The Red Sox wanted to sign Sean Casey because of his veteran presence and personality. Plus, he's a pretty darn good player, too.
The veteran first baseman proved that Wednesday night when he was inserted into the lineup after third baseman Mike Lowell injured his thumb. Because of the injury, first baseman Kevin Youkilis moved to the left side of the infield, and Casey played first and provided two hits offensively.
"Hopefully I can step in and play some good baseball until Mike gets back," Casey said.
"You could tell Case in December to go hit and he could put a good swing on it," said Red Sox manager Terry Francona. "He's a good hitter. "This is why we got him. It's hard to find guys who can sit the bench, and are good enough hitters to come off the bench and get hits. He's one of them and he has the attitude to match that."
Red Sox third baseman Mike Lowell had an MRI on his injured thumb this afternoon and the team should have the results at 5 p.m. He suffered the setback during the first inning on Wednesday when he made a diving play against the Tigers. He was removed from the game.
When Lowell arrived at Fenway Park this afternoon he was stiff and sore, which was expected. Dr. Thomas Gill will read the MRI in about 30 minutes before the team decides the next course of action for the veteran third baseman.
Due to Lowell's injury, utility infielder Alex Cora went out earlier this afternoon to take some ground balls at third. During his fungo work he felt a "twinge" in his right elbow and was clearly in pain. After a few moments of attempting to shake it off, he made one throw before leaving the field.
Red Sox manager Terry Francona said he spoke with Cora after Wednesday's game about the possibility of playing third and he agreed to it. After he felt the pain today, he went to the trainer's room and received ice treatment.
Francona said he's hoping this is nothing, but the team will pay attention to it.
There is a possibility the Red Sox will call up a player from the PawSox tonight. If that's the case, veterans Joe Thurston and Keith Ginter, along with rookie Jed Lowrie are all possibilities.
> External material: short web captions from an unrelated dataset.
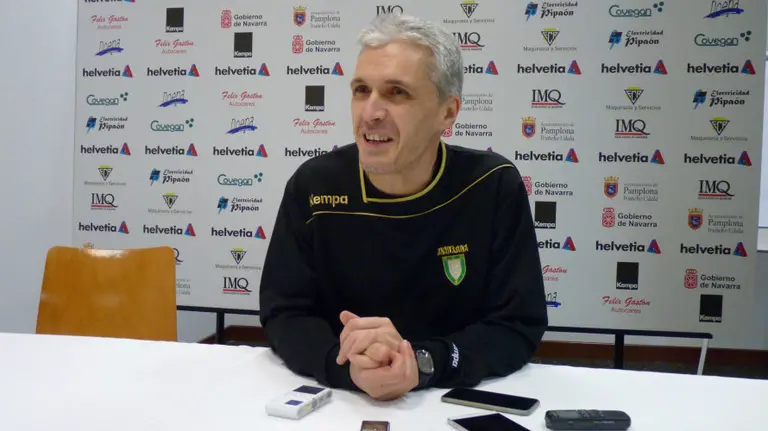 Juanto Apezetxea en rueda de prensa.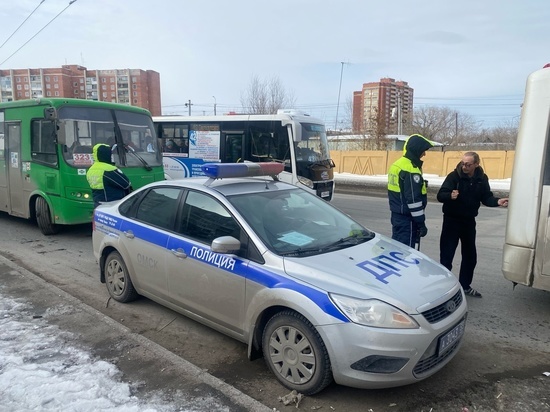В Омской области провели массовую проверку общественного транспорта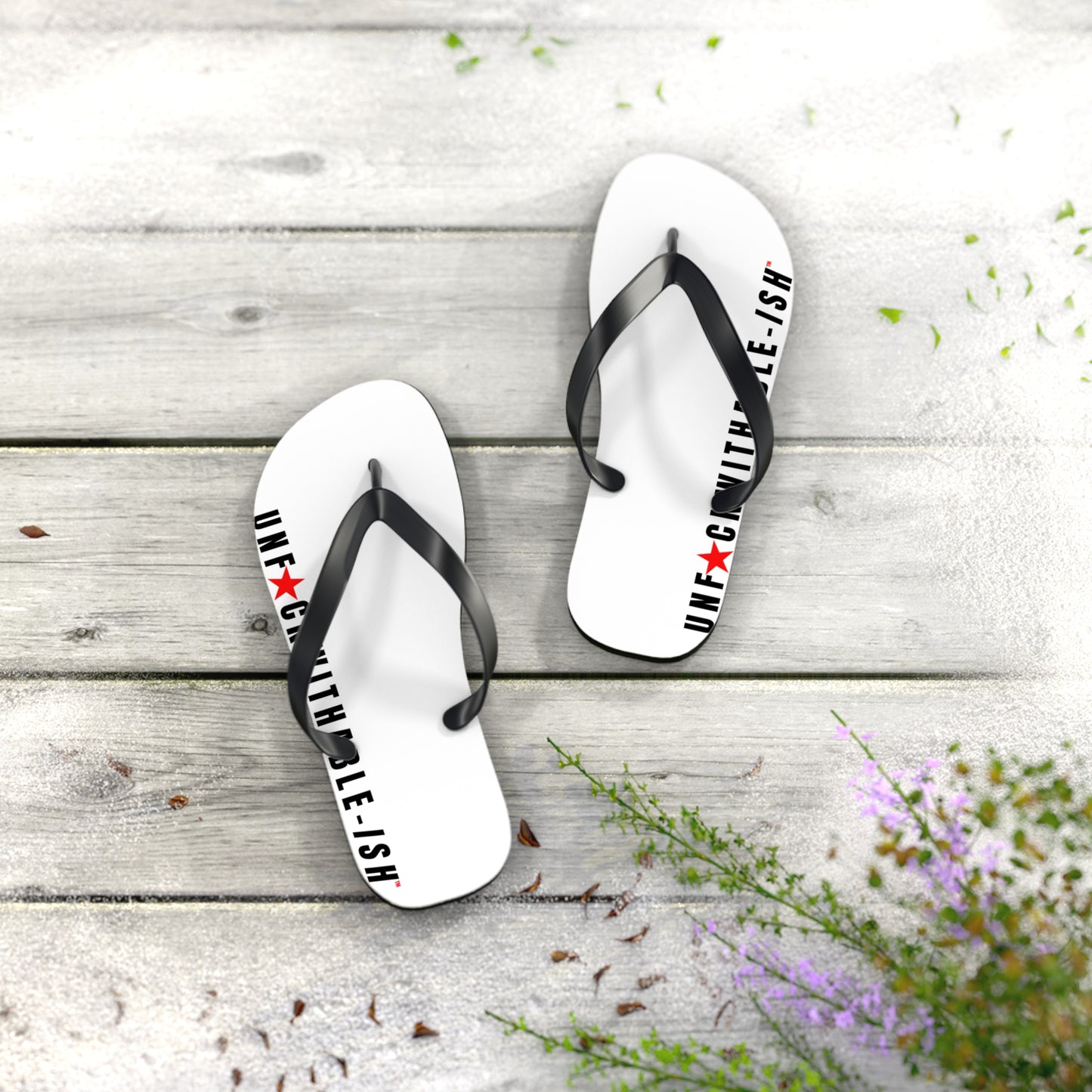 UNF★CKWITHABLE-ISH™ Flip Flops Black/Red Star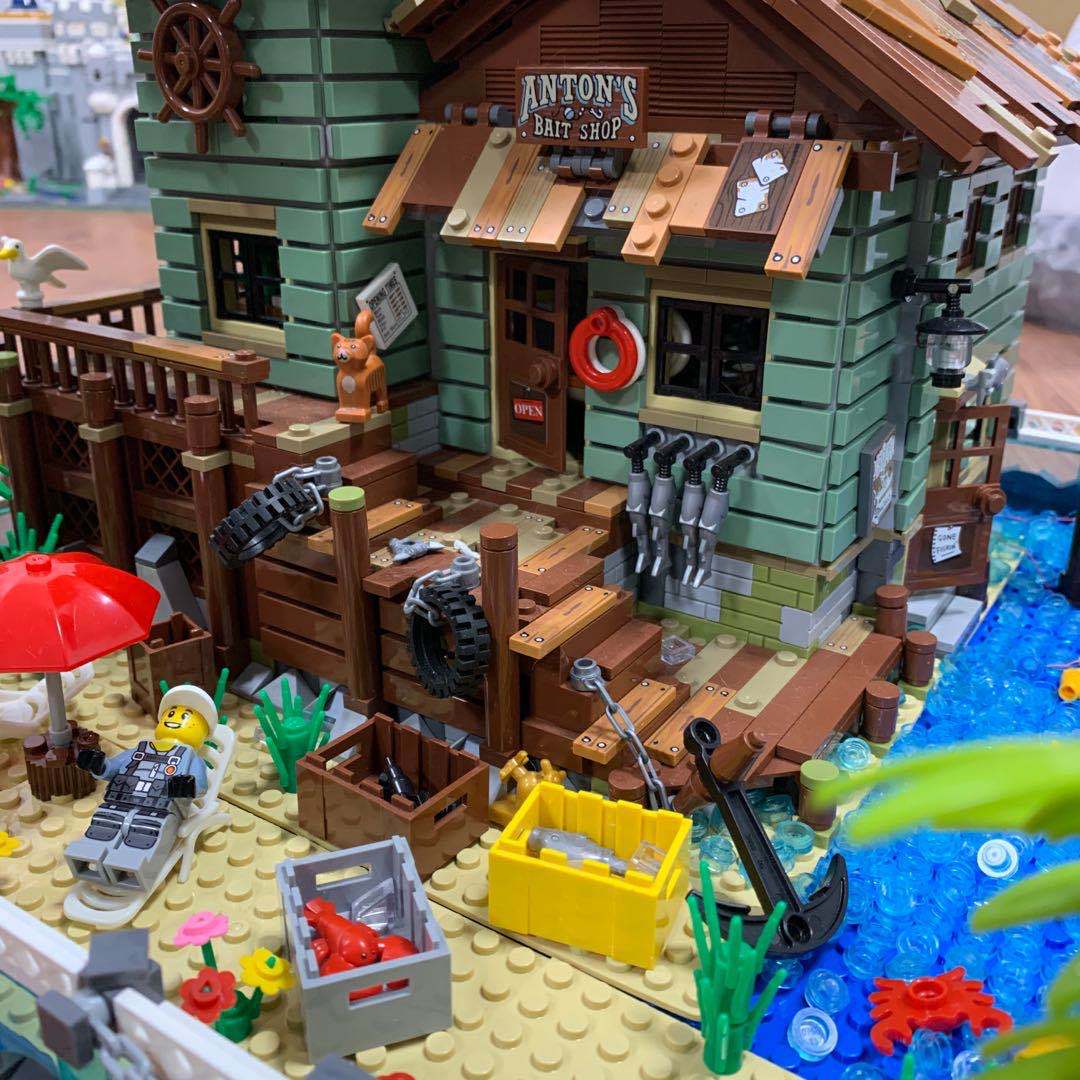 King 83028 Old Fishing Store 2294pcs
-The Red Sox, who averaged 5.4 runs per game in 2007, are averaging just 3.3 runs per game so far this season.
-If the Sox lose tonight, they will be 4-6, the first time they have had a losing record after 10 games since 1997.
-Only the Mets have more road victories than the Tigers since the start of the 2006 season. Detroit is 93-71 away from Comerica Park since then.
-Magglio Ordonez has the highest batting average off Tim Wakefield (.455) of any player with at least 30 plate appearances.
-Ivan Rodriguez last night became the 87th major leaguer in history to collect his 2,500th hit.
-Marcus Thames, who homered last night, has the sixth-highest home run-to-at-bat ratio in the American League since 2004 (minimum 900 plate appearances). He has averaged one home run every 14.50 at-bats during that span.
Tigers vs. Tim Wakefield
-Ramon Santiago, 4 for 8 (.500), HR, BB
-Magglio Ordonez, 15 for 33 (.455), 2 2B, 2 HR, 2 BB
-Ivan Rodriguez, 13 for 44 (.295), 2B, 3B, 2 HR, BB
-Brandon Inge, 6 for 22 (.273), 2B, 2 HR
-Edgar Renteria, 3 for 11 (.273), 2B
-Gary Sheffield, 9 for 34 (.265), 2B, 2 HR, 8 BB
-Carlos Guillen, 4 for 19 (.211), HR, BB
-Miguel Cabrera, 1 for 5 (.200), BB
-Marcus Thames, 3 for 16 (.188), 2B, HR, BB
-Jacque Jones, 1 for 15 (.067), 2B, BB
-Placido Polanco, 0 for 10, BB
-Wakefield is 13-10 with a 4.50 E.R.A. in 32 career appearances (20 starts) against Detroit.
Red Sox vs. Nate Robertson
-Julio Lugo, 4 for 8 (.500), HR, BB
-Kevin Youkilis, 5 for 13 (.385), 2B, 2 HR, 2 BB
-Jason Varitek, 4 for 11 (.364), 2 2B, HR, BB
-Kevin Cash, 1 for 3 (.333)
-Mike Lowell, 3 for 10 (.300), BB
-Coco Crisp, 8 for 30 (.267), 2B, 2 HR, 4 BB
-Manny Ramirez, 3 for 12 (.250), 3 BB
-Dustin Pedroia, 1 for 5 (.200), BB
-David Ortiz, 3 for 19 (.158), 2B, BB
-J.D. Drew, 0 for 6
-Robertson is 2-3 with a 6.42 E.R.A. in seven career starts against Boston.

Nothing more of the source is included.